Myths and Men
Patrick Henry, George Washington, Thomas Jefferson

Bernard Mayo


“The analogy of historian as detective has rarely been used so effectively. . . . Mayo’s persuasive reports are satisfying reading largely because he has done his detective spadework thoroughly. One enjoys seeing so many old friends freshly and neatly clothed.”
William and Mary Quarterly

“[Mayo] leads his audience with ease and grace through some basic historical questions to present a capsule evaluation, divorced as far as modern scholarship has succeeded, from myth and legend.”
Virginia Magazine of History and Biography


In the role of “historian-detective” Bernard Mayo presents in lecture form three case histories in hero-worship. These abundantly illustrate the uses and abuses of history, revealing how the flesh-and-blood men, humanly fallible yet with the inspiring qualities of greatness, have been distorted and obscured by conflicting interpretations and by myths that defame and myths that glorify.
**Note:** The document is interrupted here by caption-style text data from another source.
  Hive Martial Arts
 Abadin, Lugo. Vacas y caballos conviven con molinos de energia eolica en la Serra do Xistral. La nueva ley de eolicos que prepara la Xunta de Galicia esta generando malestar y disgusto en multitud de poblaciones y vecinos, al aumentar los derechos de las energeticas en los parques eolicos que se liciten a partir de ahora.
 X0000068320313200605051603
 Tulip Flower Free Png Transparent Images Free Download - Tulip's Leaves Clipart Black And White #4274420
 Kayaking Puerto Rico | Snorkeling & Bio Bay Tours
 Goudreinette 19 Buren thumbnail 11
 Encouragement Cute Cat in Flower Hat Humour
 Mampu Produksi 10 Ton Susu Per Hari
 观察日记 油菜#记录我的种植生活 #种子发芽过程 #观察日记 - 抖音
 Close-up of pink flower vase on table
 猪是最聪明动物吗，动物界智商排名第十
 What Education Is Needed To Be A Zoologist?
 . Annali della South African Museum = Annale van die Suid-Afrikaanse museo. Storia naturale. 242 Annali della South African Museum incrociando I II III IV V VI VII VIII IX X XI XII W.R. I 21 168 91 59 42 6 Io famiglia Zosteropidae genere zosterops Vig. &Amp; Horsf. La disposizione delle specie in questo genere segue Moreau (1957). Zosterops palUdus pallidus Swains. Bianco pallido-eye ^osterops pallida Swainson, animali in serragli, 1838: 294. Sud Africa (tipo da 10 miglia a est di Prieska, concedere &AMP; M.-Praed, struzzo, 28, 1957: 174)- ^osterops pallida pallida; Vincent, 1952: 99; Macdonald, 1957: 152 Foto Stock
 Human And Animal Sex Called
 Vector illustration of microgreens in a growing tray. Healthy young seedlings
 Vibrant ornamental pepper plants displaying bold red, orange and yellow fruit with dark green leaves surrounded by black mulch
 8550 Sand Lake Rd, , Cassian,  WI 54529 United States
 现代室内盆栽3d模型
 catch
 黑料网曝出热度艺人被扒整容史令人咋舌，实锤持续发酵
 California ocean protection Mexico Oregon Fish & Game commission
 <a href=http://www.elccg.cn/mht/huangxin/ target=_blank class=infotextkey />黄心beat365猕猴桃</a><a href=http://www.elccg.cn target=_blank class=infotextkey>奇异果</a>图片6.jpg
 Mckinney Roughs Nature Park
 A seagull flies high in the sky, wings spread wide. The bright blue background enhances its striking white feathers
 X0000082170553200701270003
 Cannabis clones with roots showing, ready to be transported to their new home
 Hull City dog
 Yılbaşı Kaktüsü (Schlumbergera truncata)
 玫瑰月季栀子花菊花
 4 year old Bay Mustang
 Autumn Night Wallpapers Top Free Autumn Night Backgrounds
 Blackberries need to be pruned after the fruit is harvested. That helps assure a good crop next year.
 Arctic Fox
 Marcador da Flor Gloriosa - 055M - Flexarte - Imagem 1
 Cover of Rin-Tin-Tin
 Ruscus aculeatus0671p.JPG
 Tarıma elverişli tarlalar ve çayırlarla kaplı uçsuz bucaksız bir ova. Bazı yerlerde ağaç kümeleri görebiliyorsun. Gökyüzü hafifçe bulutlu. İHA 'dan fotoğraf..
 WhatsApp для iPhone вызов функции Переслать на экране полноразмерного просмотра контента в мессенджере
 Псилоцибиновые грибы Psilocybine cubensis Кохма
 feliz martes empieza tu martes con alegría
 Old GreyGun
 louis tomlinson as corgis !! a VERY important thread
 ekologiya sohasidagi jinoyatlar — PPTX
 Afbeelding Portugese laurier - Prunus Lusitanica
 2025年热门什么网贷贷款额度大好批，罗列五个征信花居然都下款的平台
The bright and dark images of three early American patriots are noted. The men themselves are evaluated as shapers of American tradition: Patrick Henry, the Trumpet of the Revolution; George Washington, the Sword; Thomas Jefferson, the Pen. Attention is given also to the makers of the myths, both idolaters and iconoclasts, and to the history of their myth-making. These lectures, delivered at Mercer University, were the second series of the annual Eugenia Dorothy Blount Lamar Memorial Lectures.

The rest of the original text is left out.